Fox-Sky Opponent Starts Legal Challenge of Ruling on DealBy and
Activist group Avaaz calls fit-proper ruling ‘fatally flawed’
Group demands Ofcom correspondence with Fox, DCMS over deal
A key opponent of 21st Century Fox Inc.’s bid to acquire Sky Plc has initiated a legal challenge to the deal, calling on regulators to revisit their ruling that the U.K. pay-TV provider would remain fit to hold a broadcasting license under the control of media billionaire Rupert Murdoch.
In a letter to the chief of the U.K.’s Office of Communications, lawyers for political advocacy group Avaaz said the regulator’s initial ruling was “fatally flawed by material errors of law, fact and reasoning,” and demanded a fresh review of the 11.7 billion-pound ($15.1 billion) plan for Murdoch’s Fox to acquire the 61 percent of Sky it doesn’t already own.
“Ofcom used an irrational legal standard, ignored significant and relevant evidence, made basic factual errors and used Fox executive assurance -- despite a long history of false statements by Fox representatives to the regulator -- as evidence of likely compliance,” Avaaz said in the letter, which is a precursor to a formal challenge.

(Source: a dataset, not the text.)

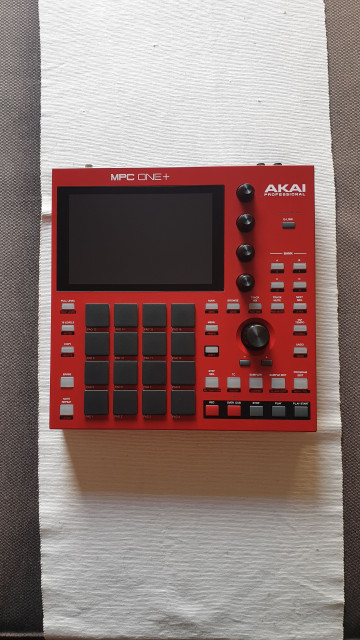 Akai Professional MPC One+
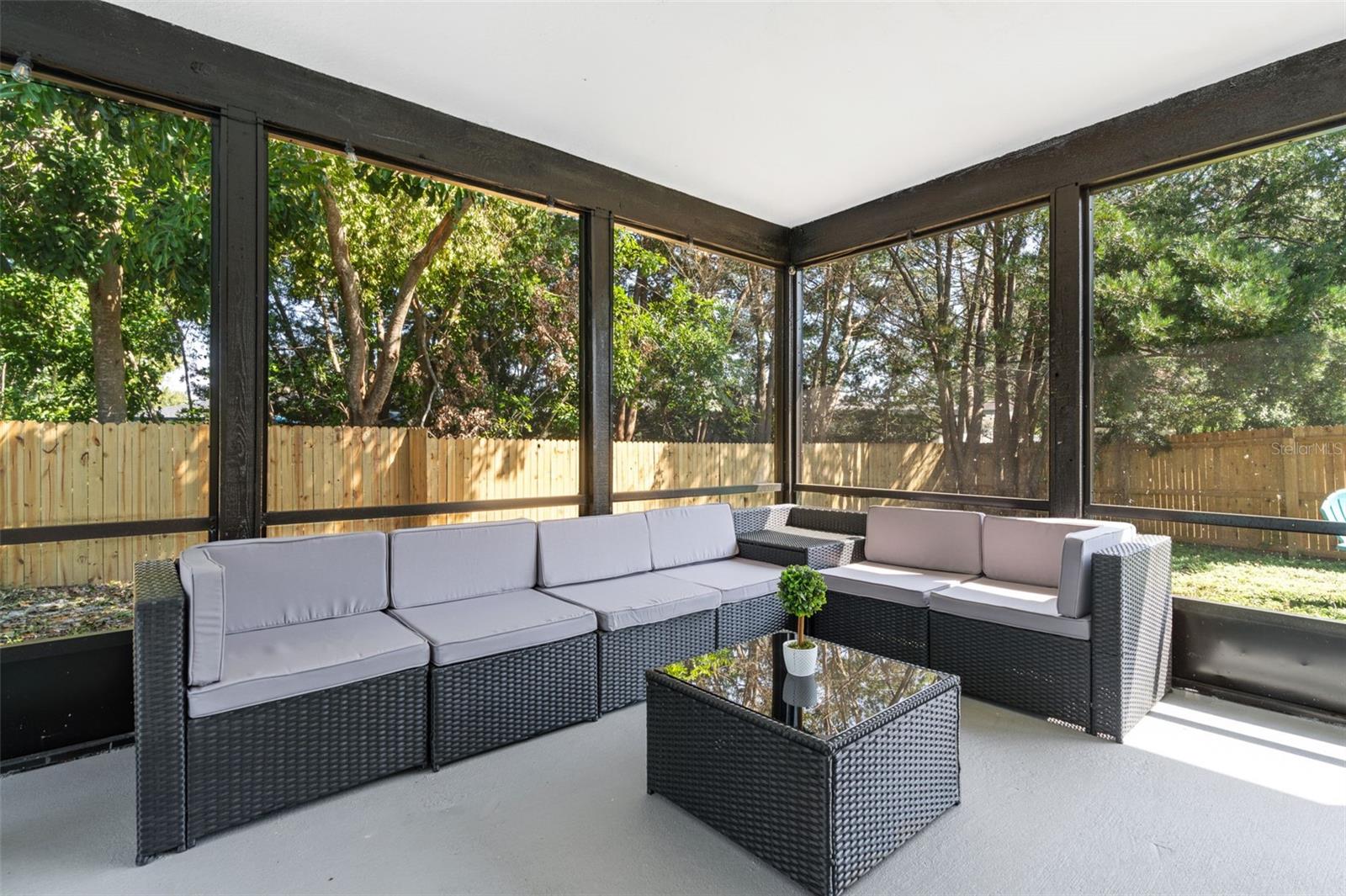 COUNTRY GROVE SUB - Residential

Reopening the “fit and proper” debate would subject the Murdochs to added scrutiny over their handling of recent sexual and racial harassment allegations at Fox News in the U.S., while potentially handing opponents of the Sky deal more ammunition to challenge the deal. Avaaz is seeking documents related to Ofcom’s dealings with Fox, as well as with Culture Secretary Karen Bradley, who is separately weighing whether to ask for a deeper, six-month probe of the merger.
Bradley has said she intends to call for the Competition and Markets Authority to investigate further whether the tie-up would give Murdoch and his family too much control over U.K. media. Opponents of the deal are also demanding a CMA review of Fox’s commitment to broadcasting standards. Ofcom made recommendations to Bradley on those matters, and separately cleared Sky on the fit-and-proper test, an ongoing assessment the regulator makes on its own.
“Ofcom’s made mistake after mistake in deciding to give the Murdochs a clean bill of health,” said Bert Wander, campaign director at Avaaz. “It’s time they put these errors right if they’re to have any credibility.”
Avaaz said it wants minutes of meetings between Ofcom and Fox representatives and/or the Murdoch family trust, as well as letters or other correspondence. “It appears that Ofcom have relied extensively on what they were told in those meetings,” Avaaz said.
Ofcom said it received the letter and will respond “in due course.” Fox and Sky declined to comment.
The legal challenge marks the latest effort by opponents to throw sand in the wheels of the deal’s progress. The merger is already behind schedule, having been delayed by the U.K. general election and Bradley’s decision to go back to Ofcom for further clarifications after receiving a flood of feedback about the bid. Fox now expects the deal to complete by June 2018, after initially predicting it would be sealed by the end of 2017.
Avaaz’s complaints include the claim that Ofcom gave too much credence to a new compliance policy for broadcasting standards, introduced by Fox in May at the regulator’s behest. Avaaz argues the policy was broken the day after its implementation when Fox News broadcast false allegations about the deceased Democratic National Committee staffer Seth Rich.
Avaaz also argues that Ofcom was wrong to rule that almost all of the alleged misconduct around sexual and racial harassment at Fox News related to the period before 2012, an important assumption in Ofcom’s initial assessment. In the letter, Avaaz lists several cases that it alleges relate to complaints against Fox after 2012, when the Murdoch’s News Corp. -- which has since been split -- overhauled its corporate governance in response to the phone-hacking scandal at its U.K. newspapers that derailed the first bid to buy Sky.
New York-based Avaaz was founded in 2007 as an online advocacy group by people including Canadian student-activist Ricken Patel and MoveOn Executive Director Eli Pariser. The group only accepts small donations and doesn’t take funding from companies or government agencies. It has concentrated its activism around global issues such as climate change, human rights and poverty. The group employs around 100 campaigners around the world, most working remotely via Skype and email.